# Needle vs Finger Thoracostomy in the Wilderness



## Summit (Jun 29, 2018)

Thoracostomy for tension ptx... the evidence and debate is out there:

Needles not penetrating, needle complications, needle collapse/occlusion vs simple complications...

https://www.ems1.com/ems-products/m...-the-chest-Evolution-in-needle-decompression/
https://www.ncbi.nlm.nih.gov/pubmed/26807605
https://www.jems.com/articles/print...simple-thoracostomy-moving-beyond-needle.html
https://emcrit.org/emcrit/needle-finger-thoracostomy/
https://adventuredoc.wordpress.com/2013/01/01/finger-thoracostomy-and-pneumothorax/
http://www.scancrit.com/2012/07/31/tension-pneumothorax-needle-knif/

*What does your agency use? *

*Simple?* Scalpel and forceps?
*Needle?* 14ga 2" IV? 10ga 3.25" angio? Cook? Turkel? Enhanced Ptx Needle? PneumoFix?
*Tube?* Are you placing chest tubes?

While I have only used angios and assisted with CTs, I've practiced simple, CT, and angio on cadaver. The Turkel strikes me as the best tool, just not for the wilderness (maybe for organized rescue if packaged differently). Enhanced Ptx seems like an improvement over a normal 10ga angio for the side of a trail...






*Do you maintain this capability in your personal kit for friends and family?*

Life-or-death, antiseptic, a sharp knife and a glove does accomplish the brutally simple procedure that is a simple.

Share your thoughts, experience, and perspective


----------



## Peak (Jun 29, 2018)

My thoughts are that in the wilderness I don't pack a CT drain, and even if I did I would be limited by the battery power on the suction unit that we have. As an adjunct to immediate transport it may have some validity but with any extended scene time may become a bigger problem than a benefit. 

Finger thoracostomy is very effective however you need to have a positive pressure airway or figure out how to make an effective one way chest seal, the latter of which is easier said than done. In a dirty wilderness environment it is also huge vector for infectious disease, even if performed under aseptic technique. 

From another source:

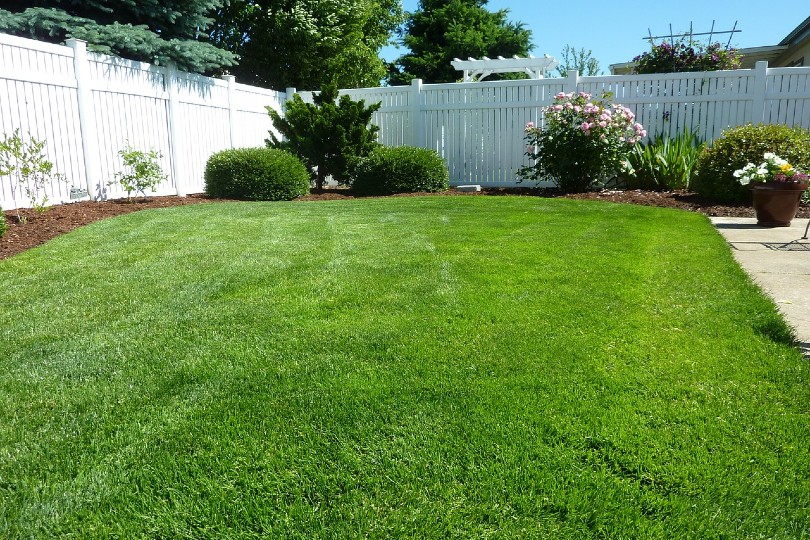 back yard fence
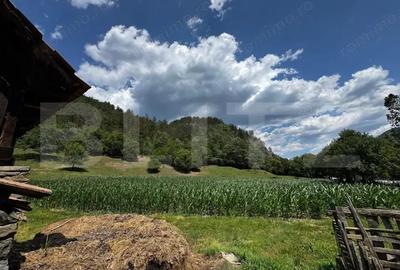 Casa cu 6000 mp teren, Poiana Ampoiului - Metes - 9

Needle decompression, whether performed with an angio, butterfly, or any of the other marketed products do have a lot of limitation. While many providers in the ED, OR, and critical care are transitioning towards pigtails these are generally for simple pneumothorax. These pigtail catheters do not perform well with hemothorax. In my experience the needle devices only exacerbate the same problem. Of course the body habitus of our larger patients may also prevent correct placement of a needle device, especially if using 1.75" 14s. 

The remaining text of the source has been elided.